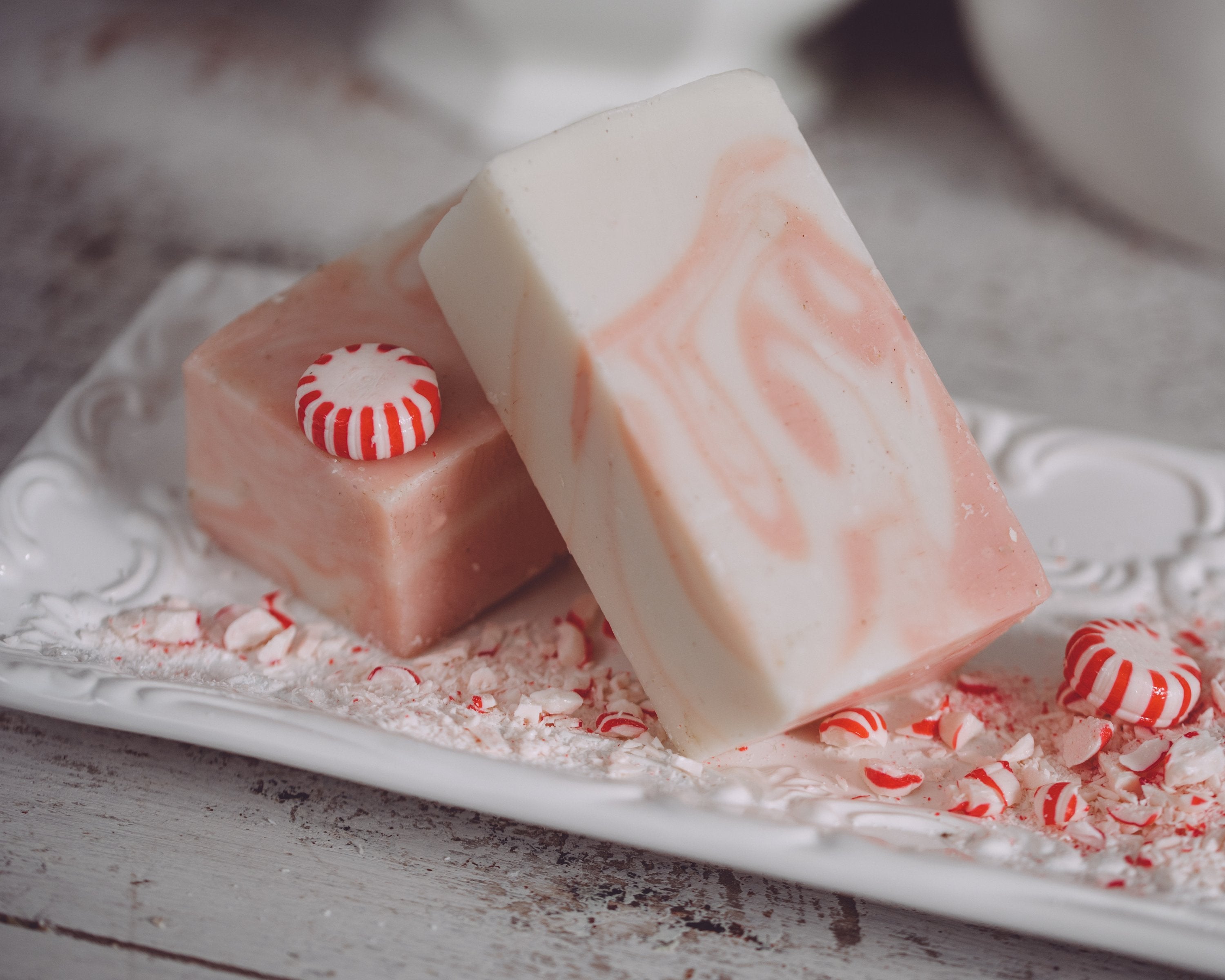 Candy Cane – Cool, Sweet & Cheerfully Refreshing Organic Soap
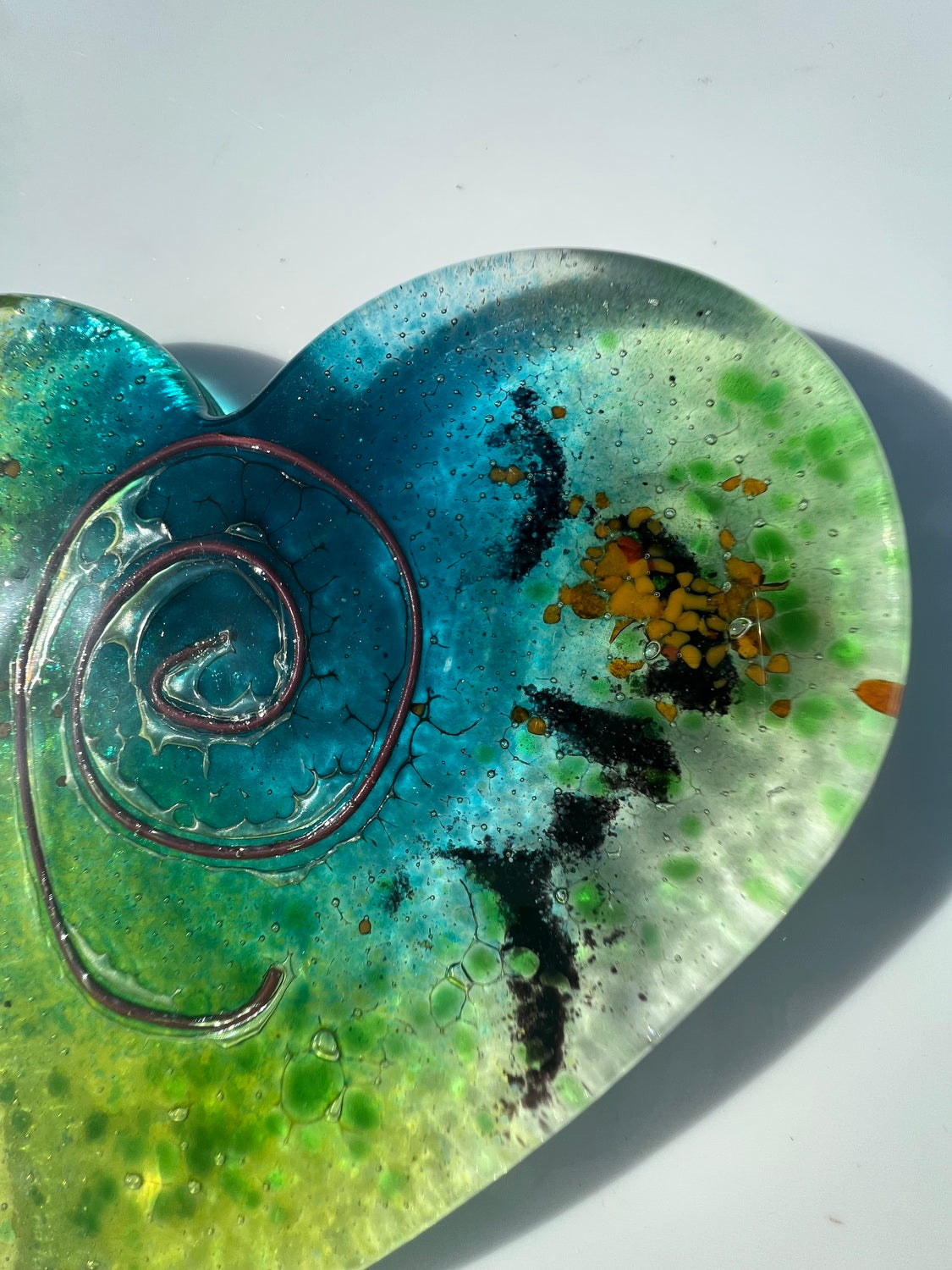 Light Green Aqua Coasters (Heart)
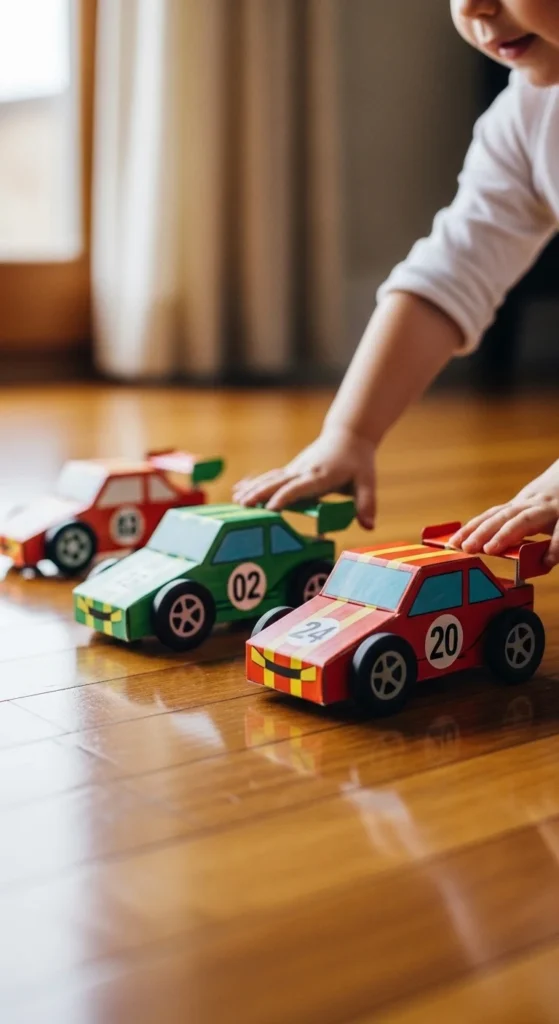 Cardboard Race Cars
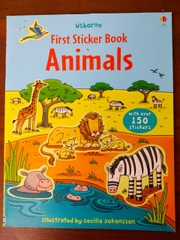 Sách Dính Dán - Usbonre Sticker Book - Animals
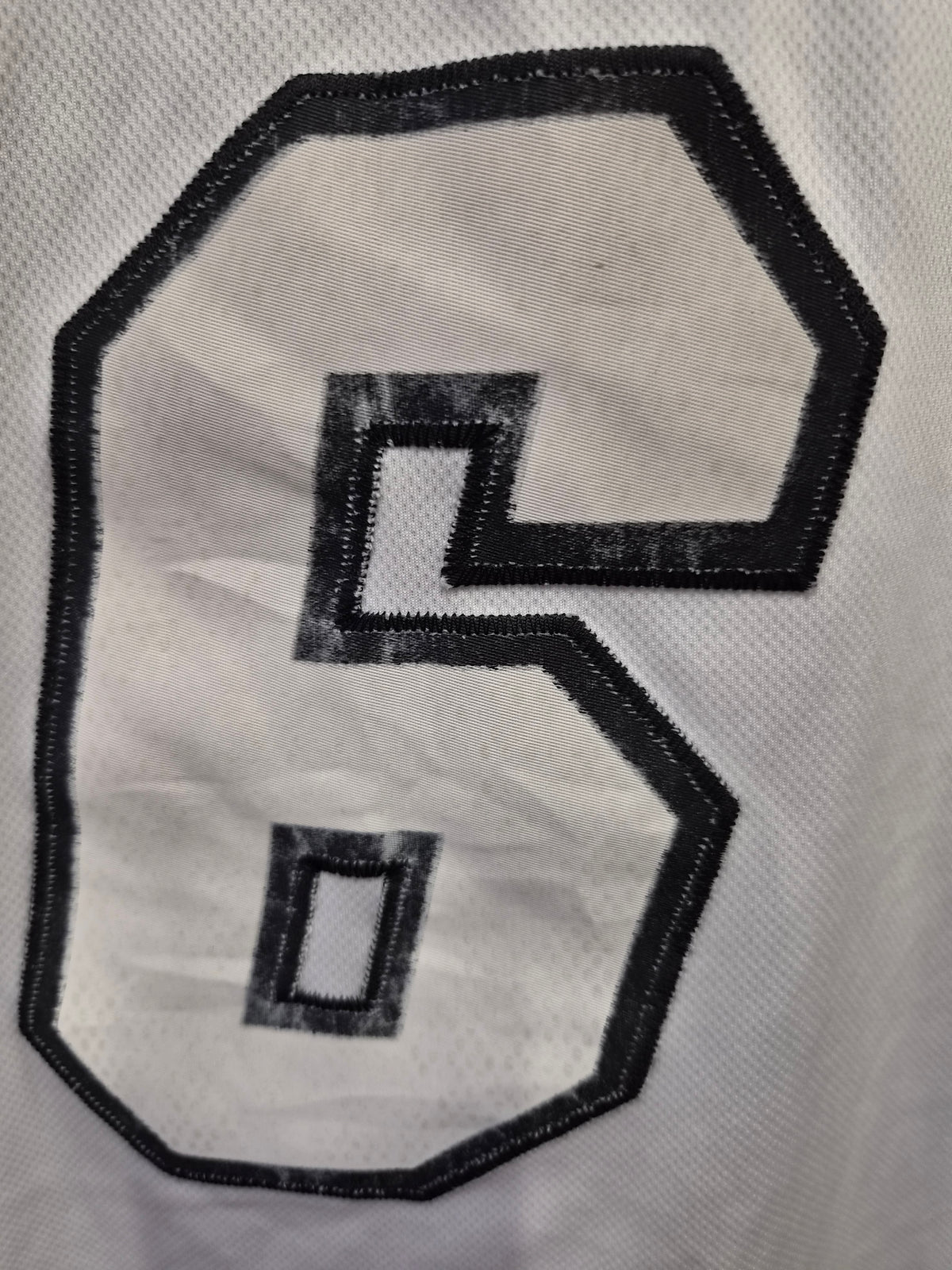 Adidas Miami Heat NBA White Hot Jersey, #6 James, White, Size L+2 Length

ASSIGNMENT = Transcribe every record above exactly as written, leaving out any pictures.

ANSWER BOX =
 Candy Cane – Cool, Sweet & Cheerfully Refreshing Organic Soap
 Light Green Aqua Coasters (Heart)
 Cardboard Race Cars
 Sách Dính Dán - Usbonre Sticker Book - Animals
 Adidas Miami Heat NBA White Hot Jersey, #6 James, White, Size L+2 Length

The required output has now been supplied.